WHAT THE TASK ASKS:
What is needed is an exact copy of every line from the one with "Ադրբեջանի հավաքականը հրաժարվել" to the end of the entries below, without the pictures.

(Data items)
····················
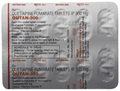 Qutan 300 Tablet thumbnail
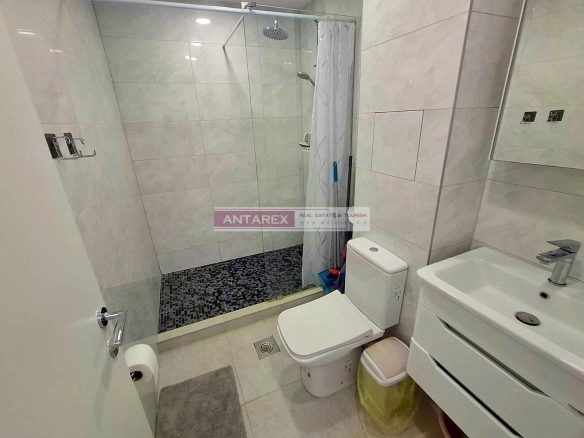 Dvosoban stan 65 m² – Igalo, Herceg Novi — fotografija 12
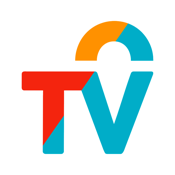 TVMucho - Watch UK TV App icon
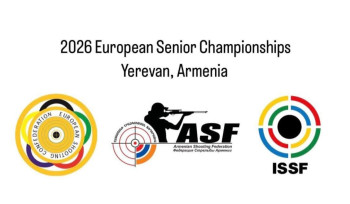 Ադրբեջանի հավաքականը հրաժարվել է մասնակցել Երևանում կայանալիք հրաձգության Եվրոպայի առաջնությանը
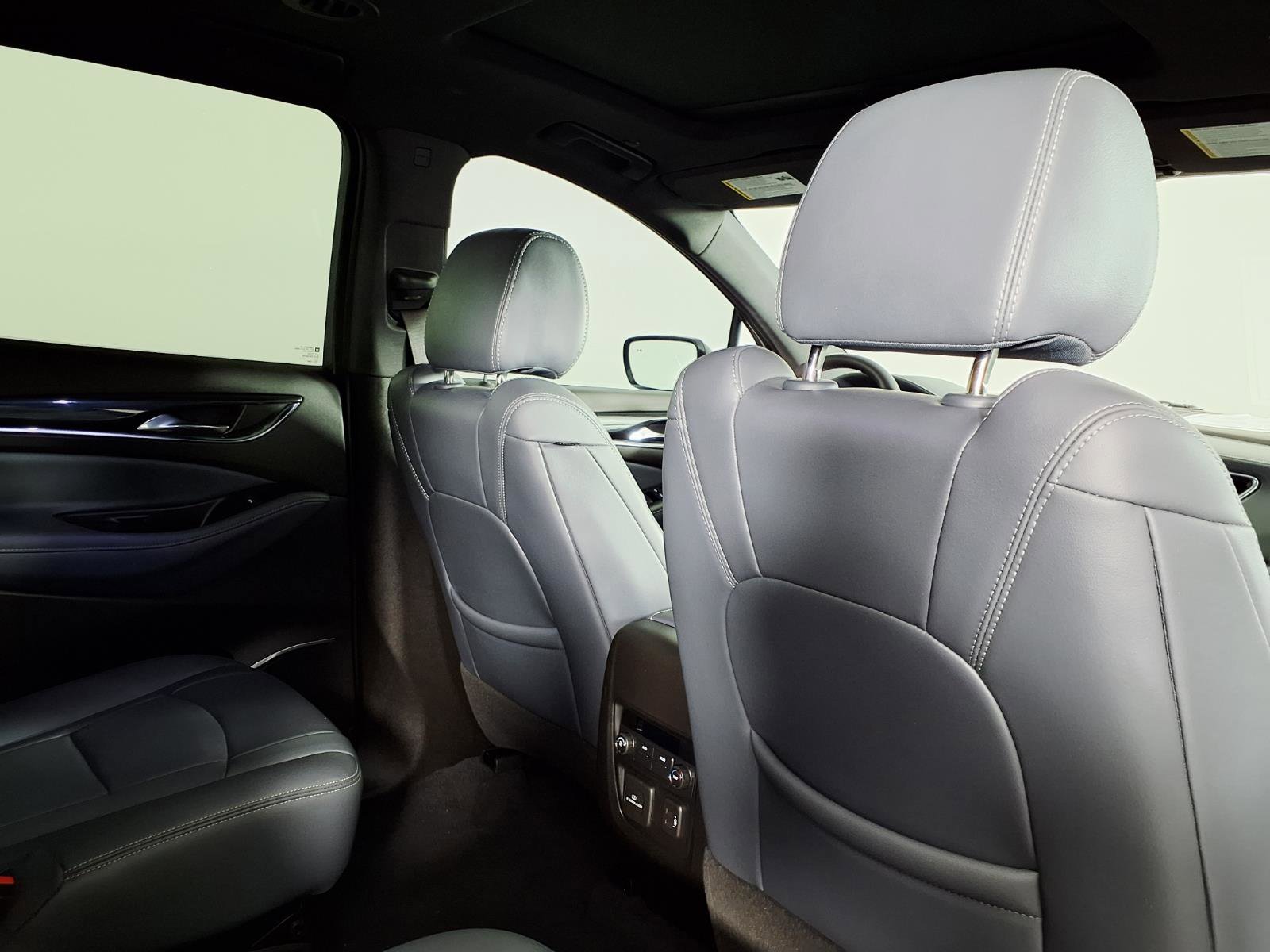 Used 2024 Buick Enclave Essence w/ Experience Buick Package FWD image 11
····················
WRITTEN RESPONSE:
 Ադրբեջանի հավաքականը հրաժարվել է մասնակցել Երևանում կայանալիք հրաձգության Եվրոպայի առաջնությանը
 Used 2024 Buick Enclave Essence w/ Experience Buick Package FWD image 11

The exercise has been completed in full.